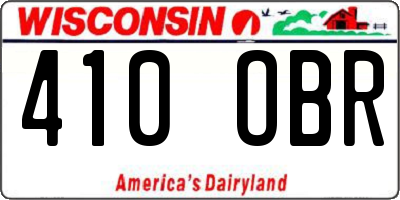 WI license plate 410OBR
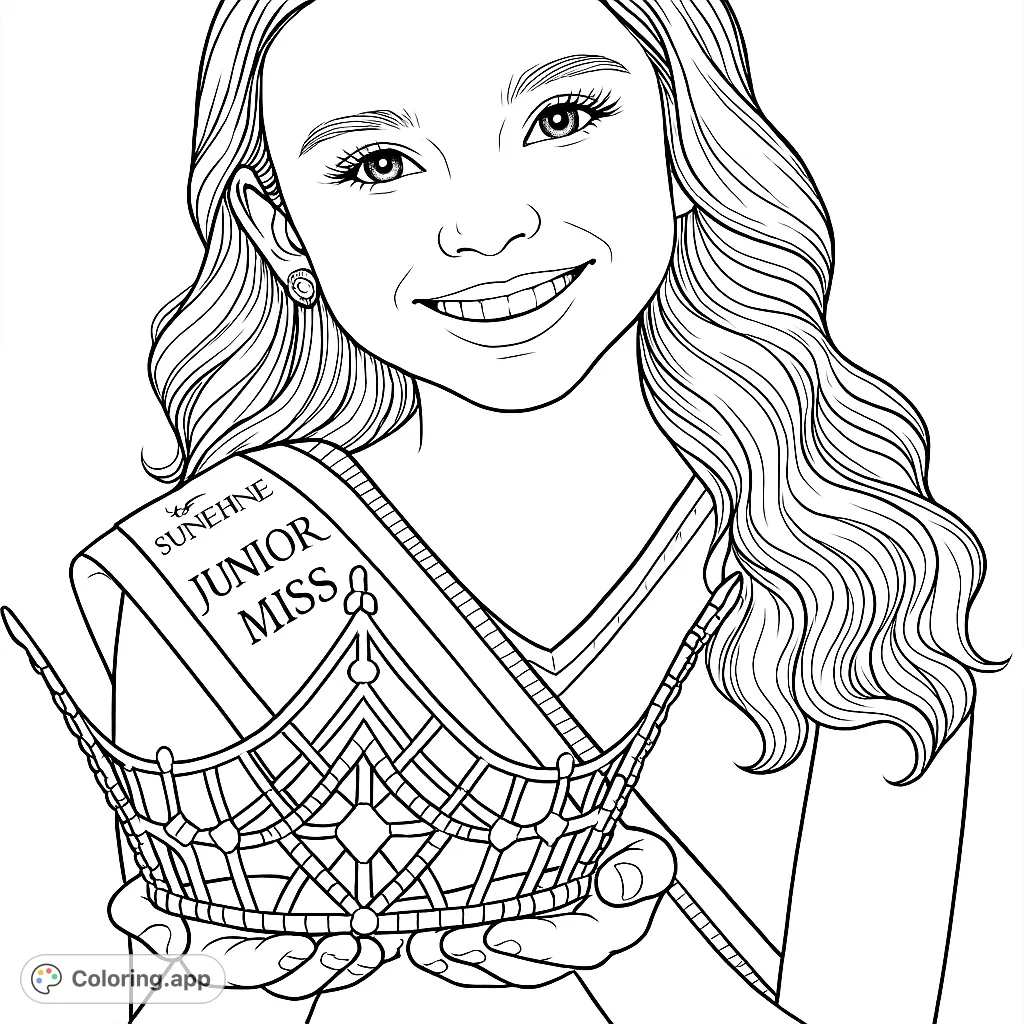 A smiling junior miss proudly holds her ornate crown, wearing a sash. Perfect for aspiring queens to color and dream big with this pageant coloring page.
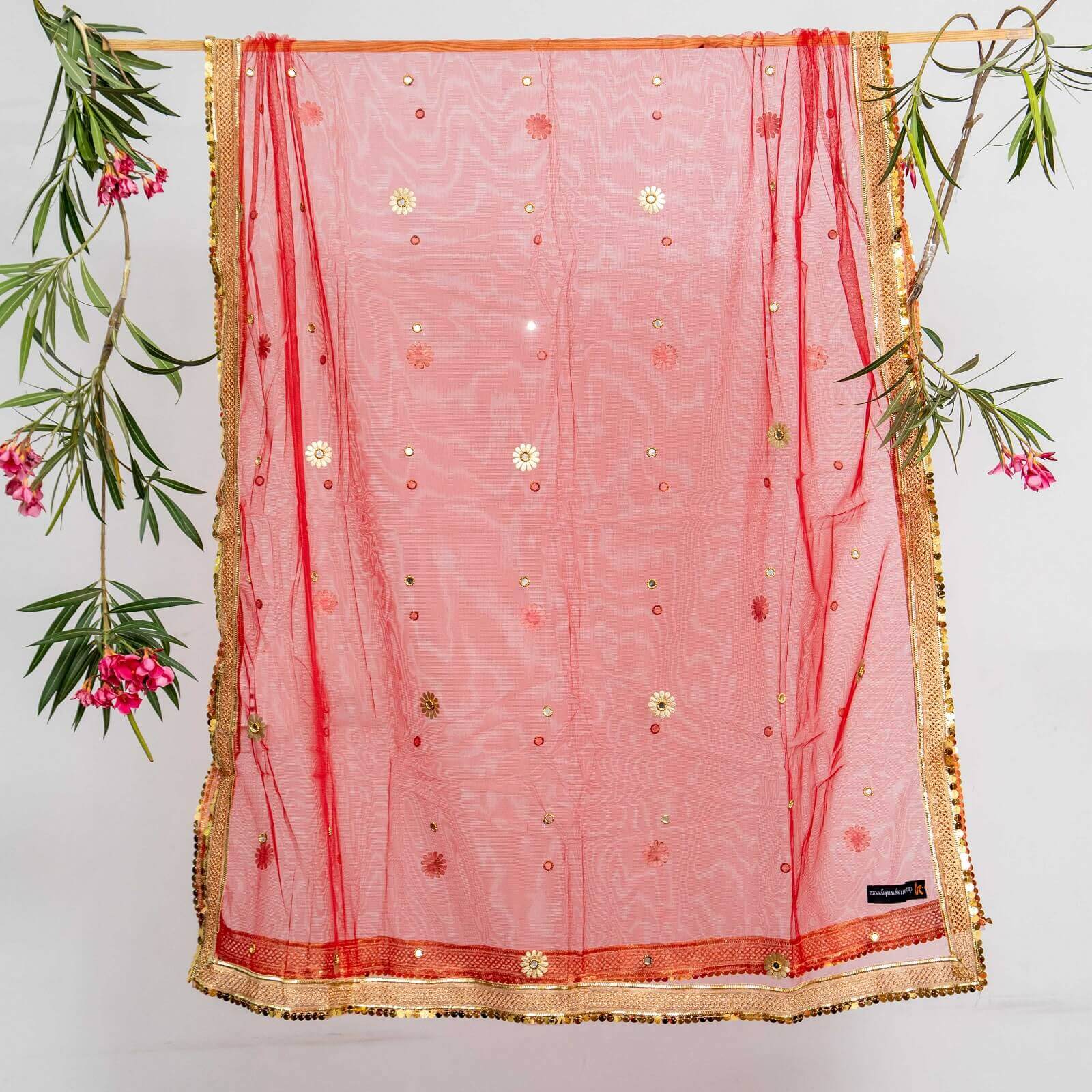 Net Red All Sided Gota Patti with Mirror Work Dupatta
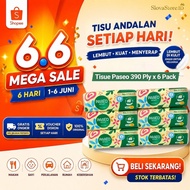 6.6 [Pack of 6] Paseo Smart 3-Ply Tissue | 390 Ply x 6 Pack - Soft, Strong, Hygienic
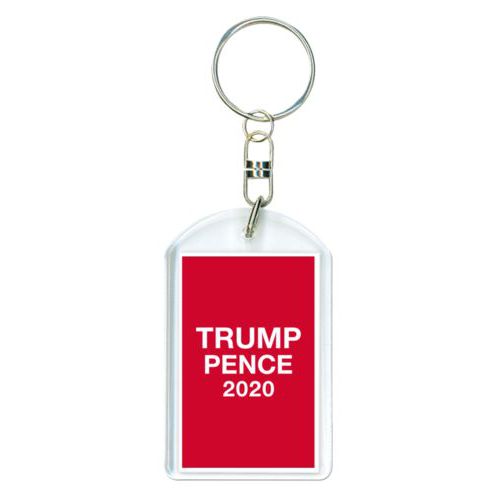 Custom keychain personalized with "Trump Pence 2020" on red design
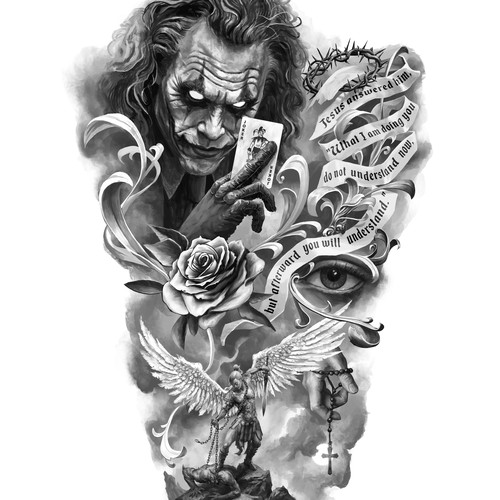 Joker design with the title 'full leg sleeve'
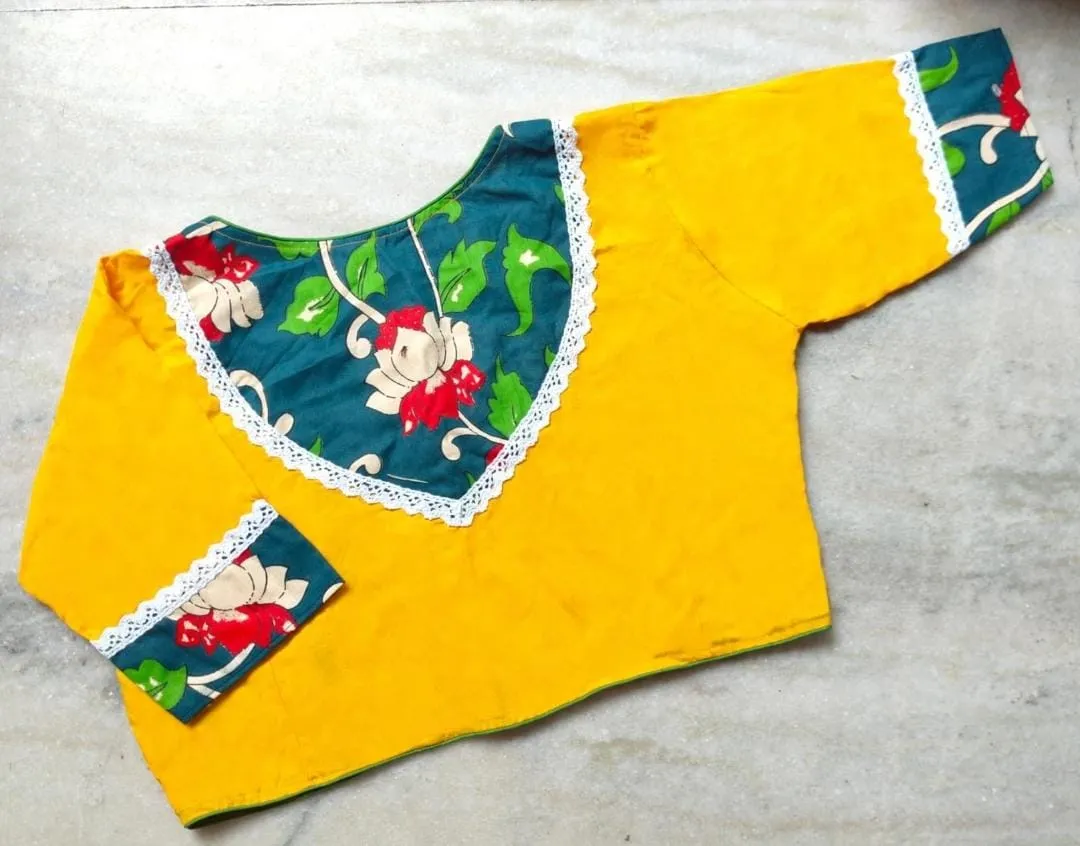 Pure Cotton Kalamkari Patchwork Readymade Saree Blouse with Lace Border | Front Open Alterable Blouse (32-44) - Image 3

==

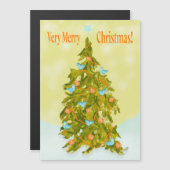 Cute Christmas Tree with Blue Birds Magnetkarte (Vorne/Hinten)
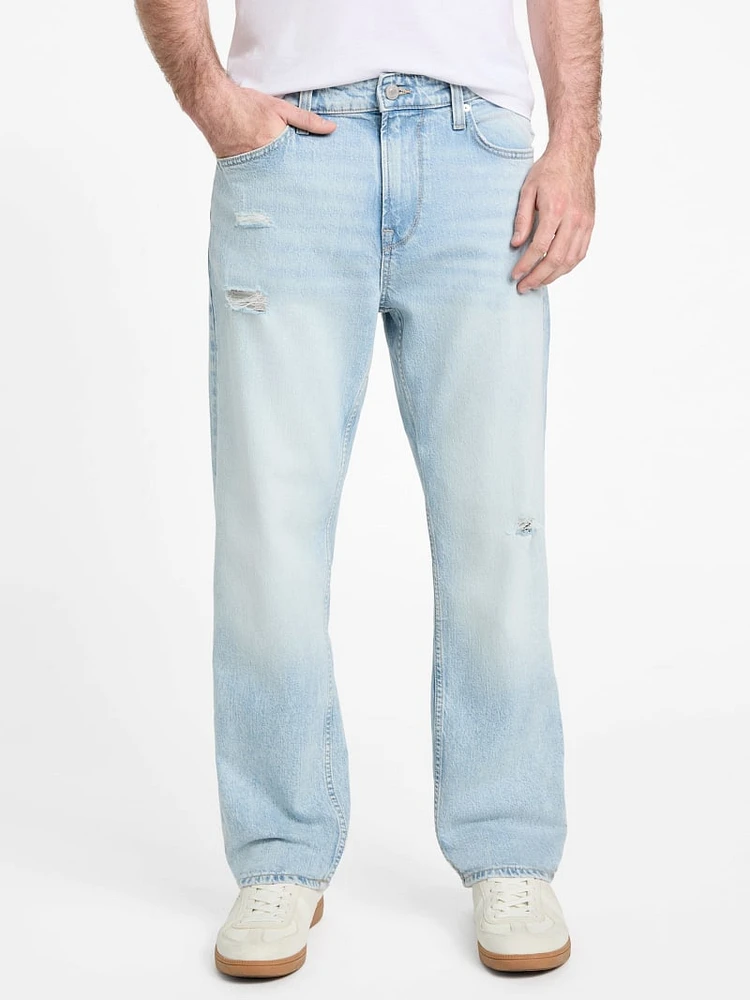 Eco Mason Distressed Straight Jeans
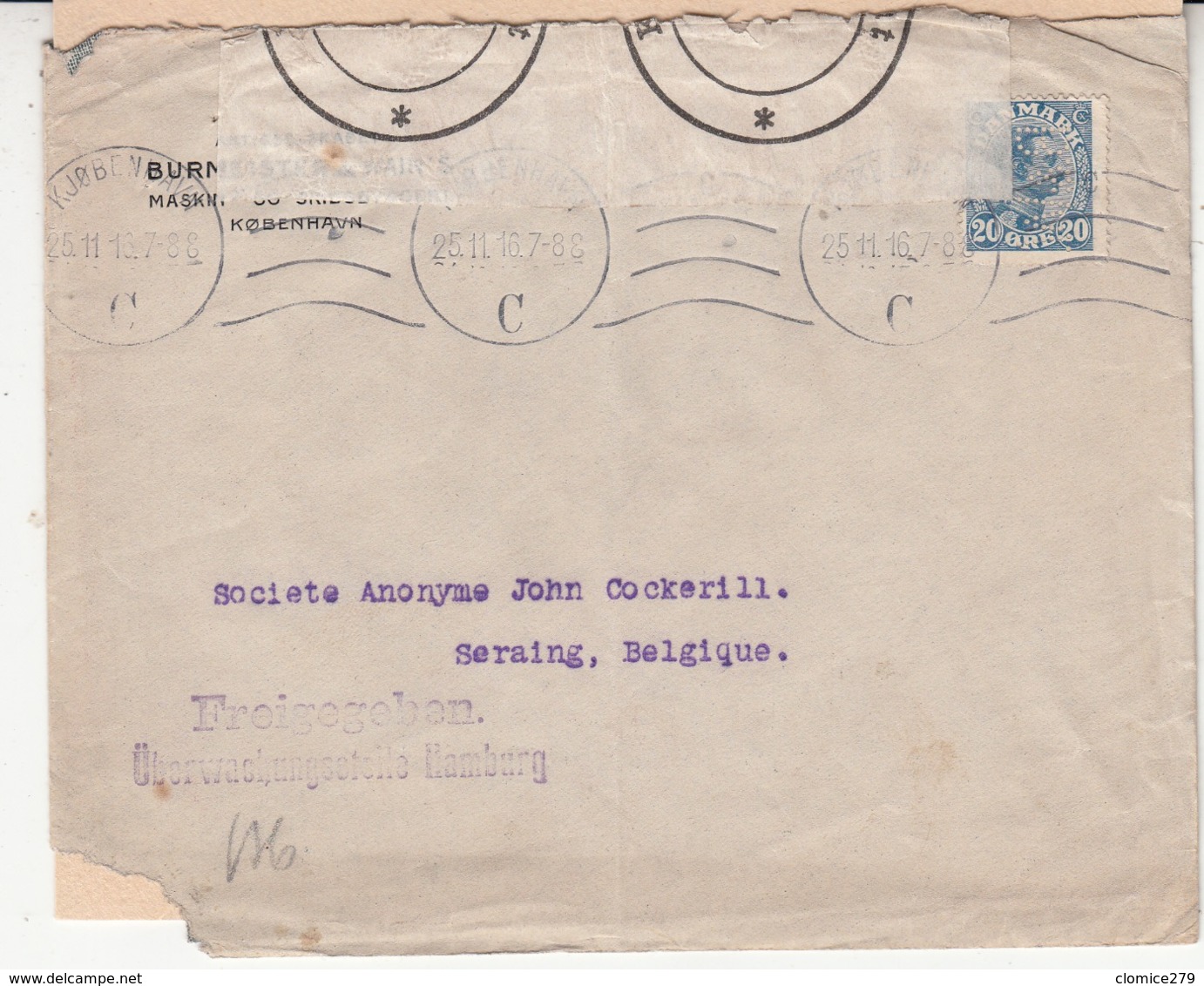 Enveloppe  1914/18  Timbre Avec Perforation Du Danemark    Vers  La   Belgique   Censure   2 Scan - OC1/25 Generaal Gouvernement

## Task description
The result should be an exact copy of only the lines above from the one that holds "WI license plate 410OBR" through the one that holds "Pure Cotton Kalamkari", both ends included, without pictures.

## Answer to this exercise
 WI license plate 410OBR
 A smiling junior miss proudly holds her ornate crown, wearing a sash. Perfect for aspiring queens to color and dream big with this pageant coloring page.
 Net Red All Sided Gota Patti with Mirror Work Dupatta
 6.6 [Pack of 6] Paseo Smart 3-Ply Tissue | 390 Ply x 6 Pack - Soft, Strong, Hygienic
 Custom keychain personalized with "Trump Pence 2020" on red design
 Joker design with the title 'full leg sleeve'
 Pure Cotton Kalamkari Patchwork Readymade Saree Blouse with Lace Border | Front Open Alterable Blouse (32-44) - Image 3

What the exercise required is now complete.